## [Your objective]
Below is a listing; retype exactly the lines between the one containing "As anything, when" and the one containing "So let's get", inclusive, minus the pictures.

## [Task material]

==============================

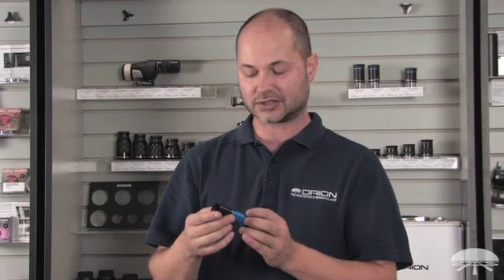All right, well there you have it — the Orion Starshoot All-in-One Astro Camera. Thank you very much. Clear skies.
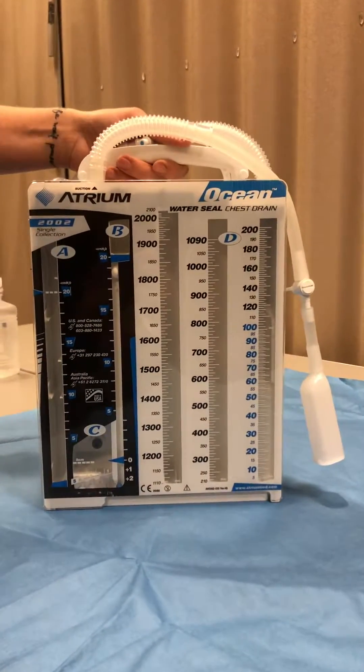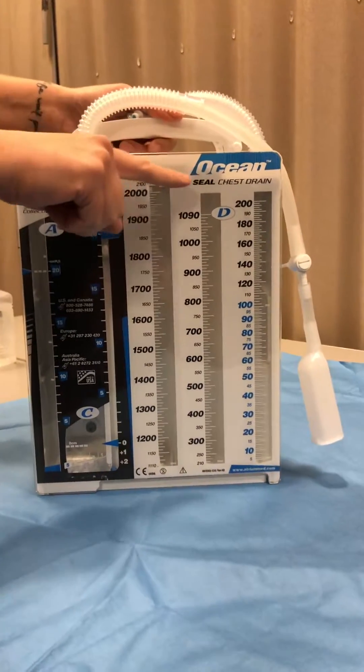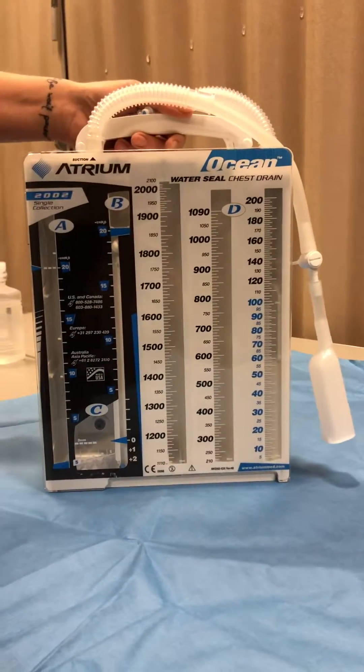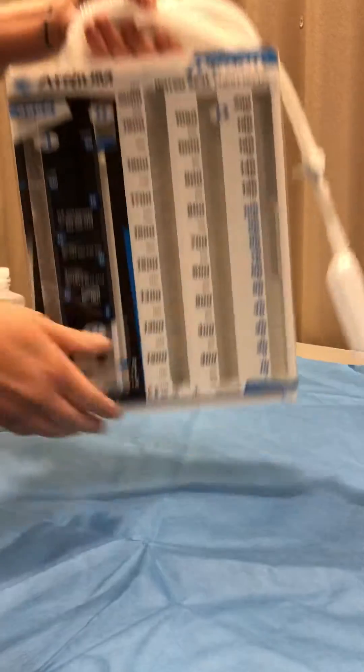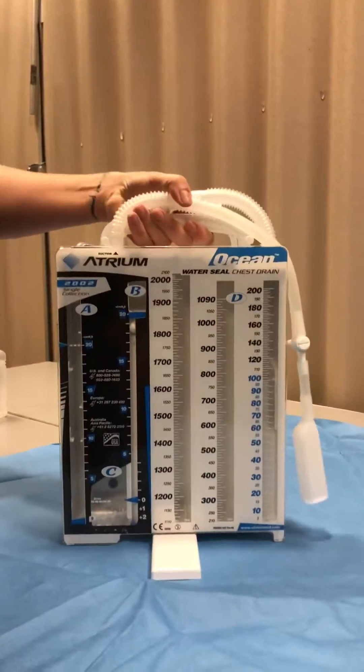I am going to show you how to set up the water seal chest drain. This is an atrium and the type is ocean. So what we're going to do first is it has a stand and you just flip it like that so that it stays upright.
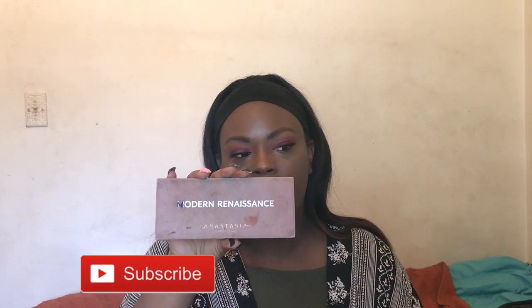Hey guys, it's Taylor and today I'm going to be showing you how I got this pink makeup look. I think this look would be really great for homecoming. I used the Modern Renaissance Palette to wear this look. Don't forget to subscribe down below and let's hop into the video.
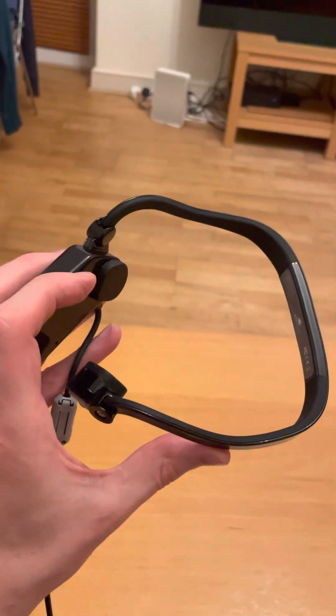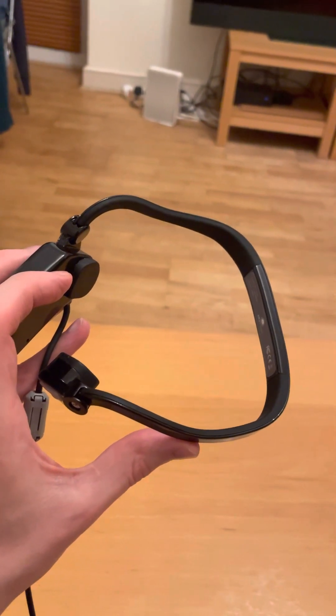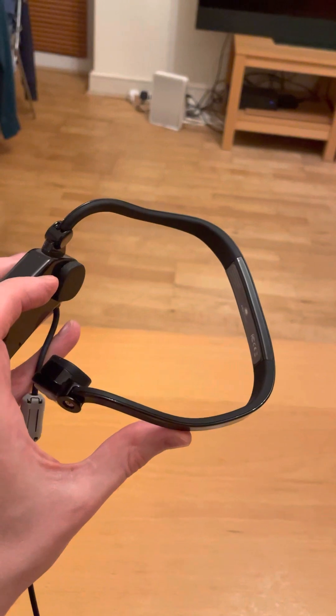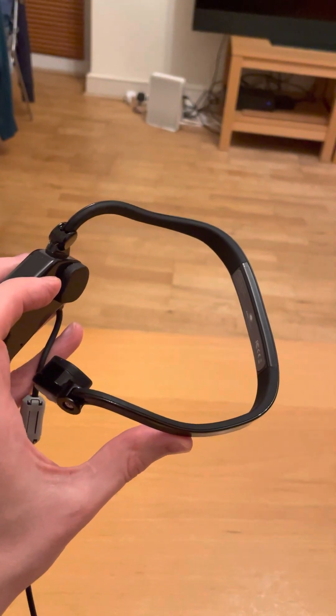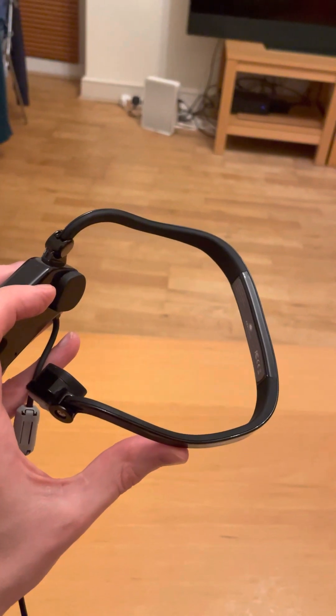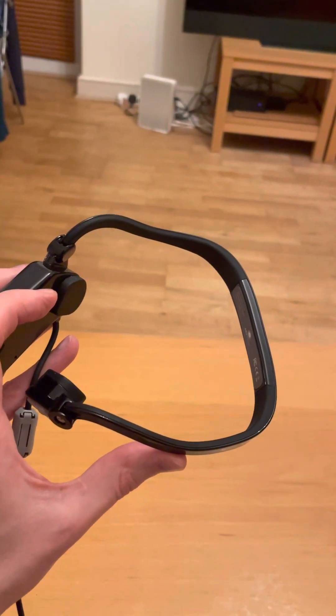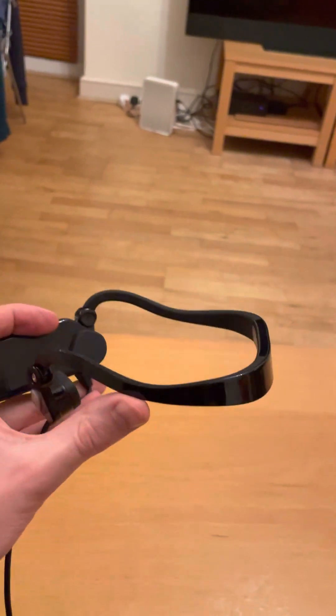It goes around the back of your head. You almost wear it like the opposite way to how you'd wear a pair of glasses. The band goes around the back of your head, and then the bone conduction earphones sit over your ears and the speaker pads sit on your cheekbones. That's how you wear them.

==============================

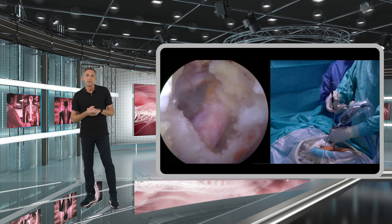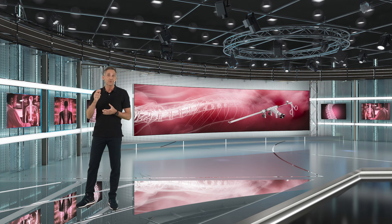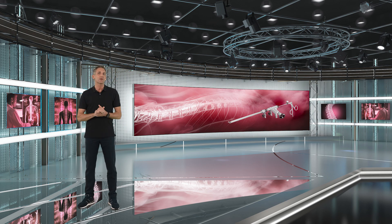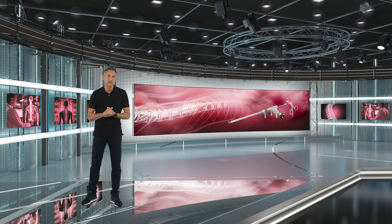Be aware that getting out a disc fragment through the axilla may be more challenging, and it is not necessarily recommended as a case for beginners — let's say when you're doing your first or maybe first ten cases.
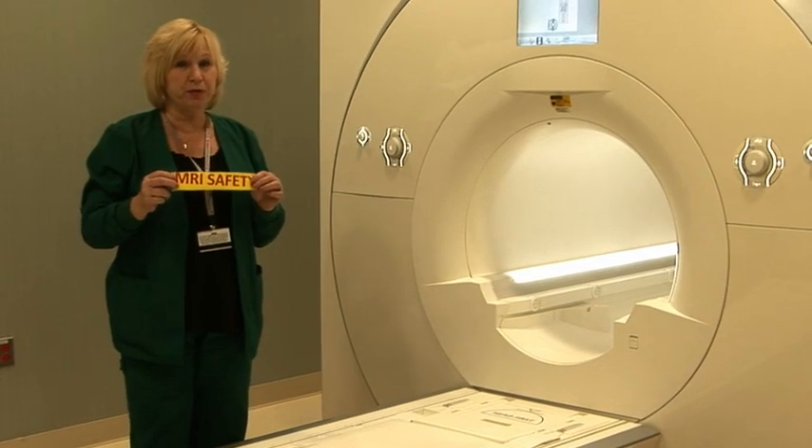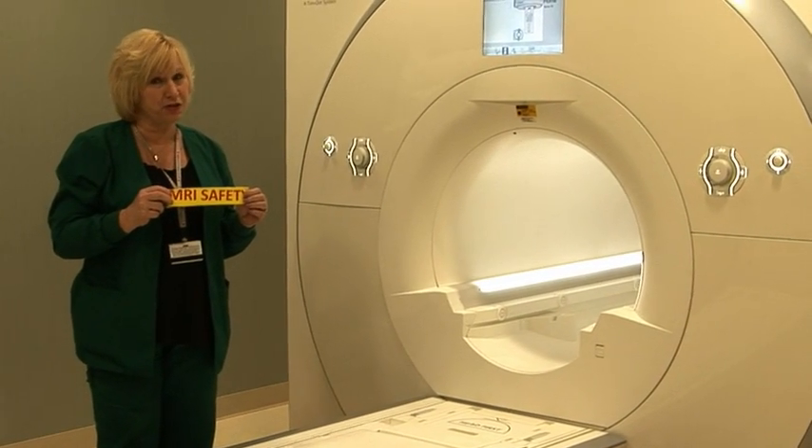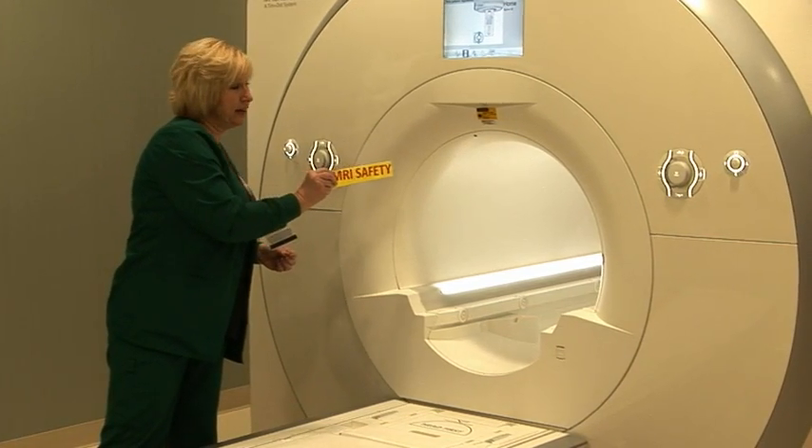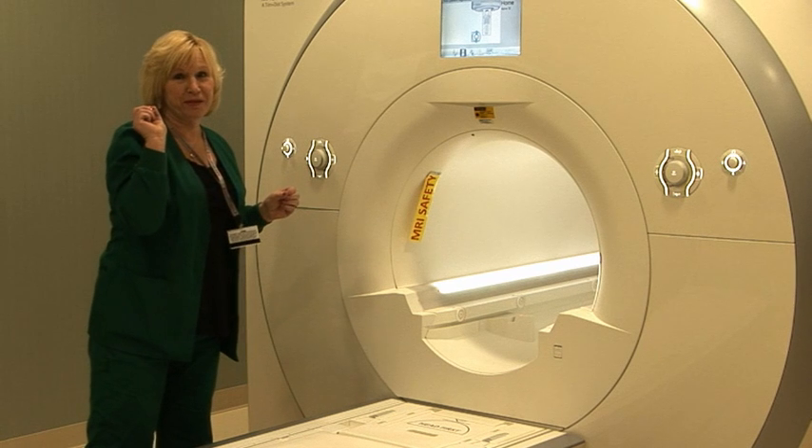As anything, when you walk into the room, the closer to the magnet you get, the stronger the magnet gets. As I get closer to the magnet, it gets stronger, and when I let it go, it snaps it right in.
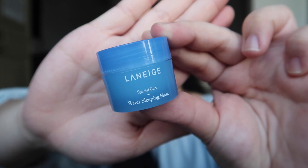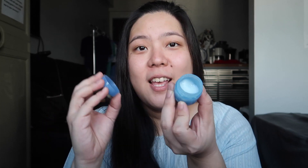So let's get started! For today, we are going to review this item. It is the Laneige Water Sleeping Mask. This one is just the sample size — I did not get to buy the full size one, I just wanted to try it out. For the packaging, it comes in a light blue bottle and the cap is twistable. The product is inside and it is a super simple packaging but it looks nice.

==============================

## [Solution below]
As anything, when you walk into the room, the closer to the magnet you get, the stronger the magnet gets. As I get closer to the magnet, it gets stronger, and when I let it go, it snaps it right in.
So let's get started! For today, we are going to review this item. It is the Laneige Water Sleeping Mask. This one is just the sample size — I did not get to buy the full size one, I just wanted to try it out. For the packaging, it comes in a light blue bottle and the cap is twistable. The product is inside and it is a super simple packaging but it looks nice.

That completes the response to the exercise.